*** Opening Provided material ***
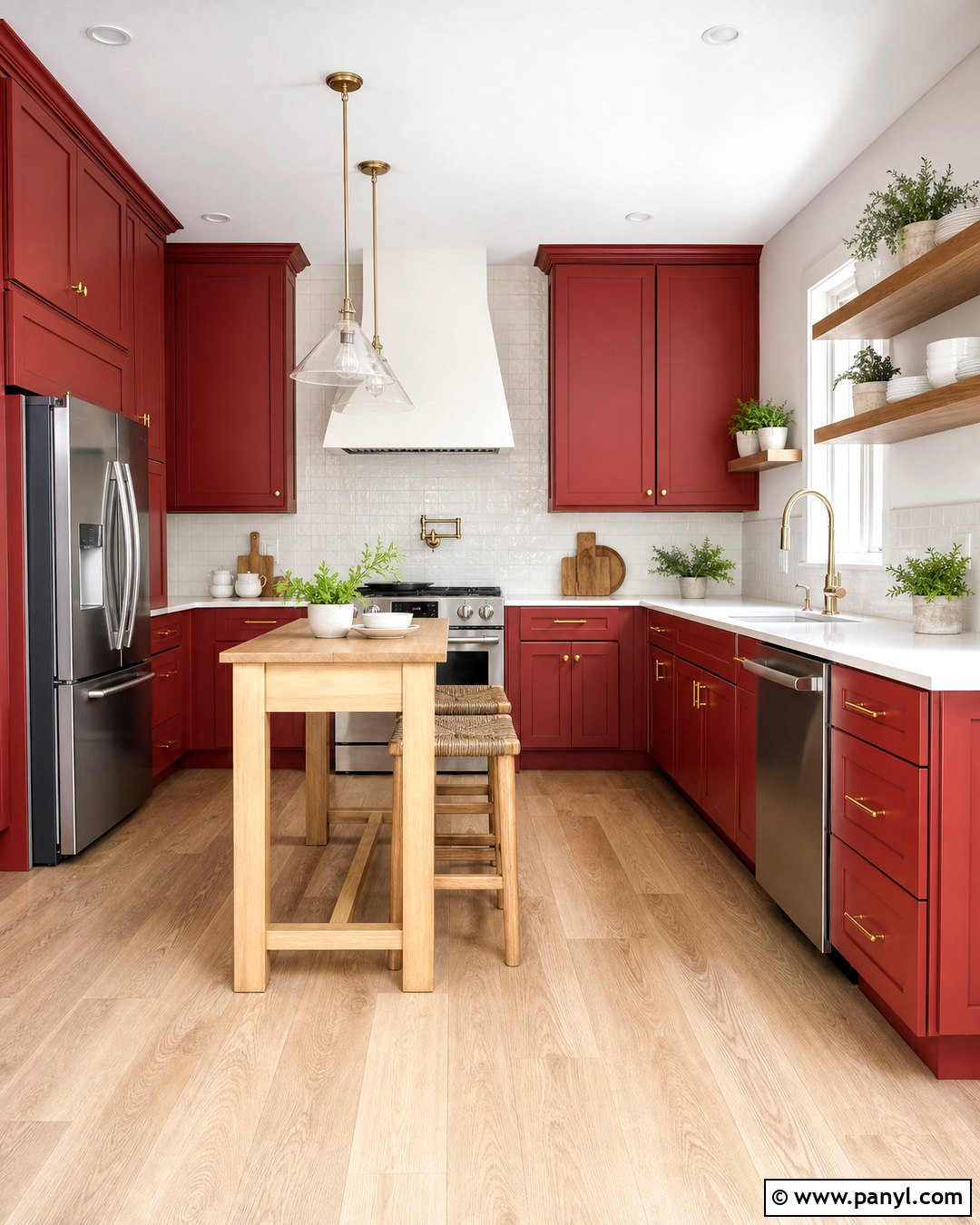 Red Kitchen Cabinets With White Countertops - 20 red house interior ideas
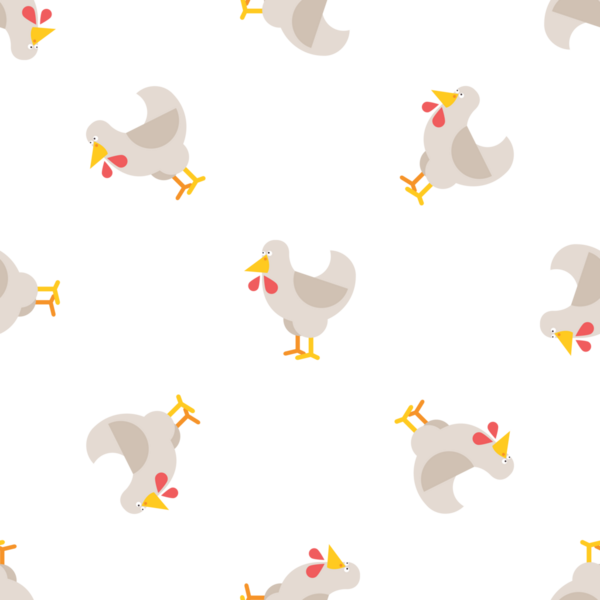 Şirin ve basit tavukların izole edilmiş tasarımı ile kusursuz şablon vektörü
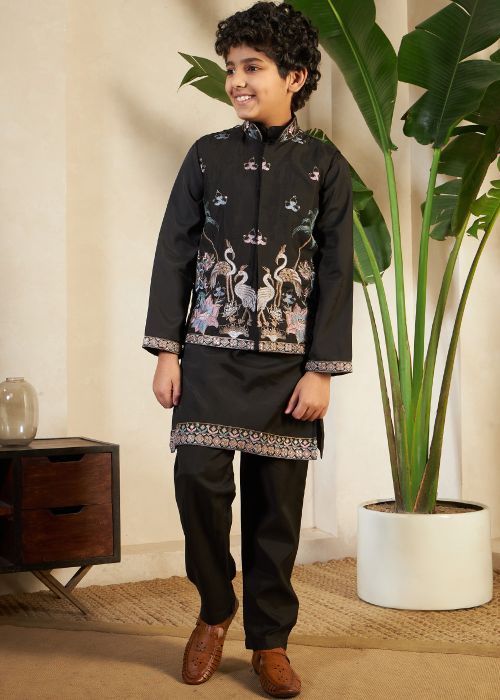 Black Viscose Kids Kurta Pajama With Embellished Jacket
*** Closing Provided material ***
» **To do**
Pictures stay out. Copy exactly, and only, the lines from the one containing "Şirin ve basit" through the end of the data.

» **Solution**
 Şirin ve basit tavukların izole edilmiş tasarımı ile kusursuz şablon vektörü
 Black Viscose Kids Kurta Pajama With Embellished Jacket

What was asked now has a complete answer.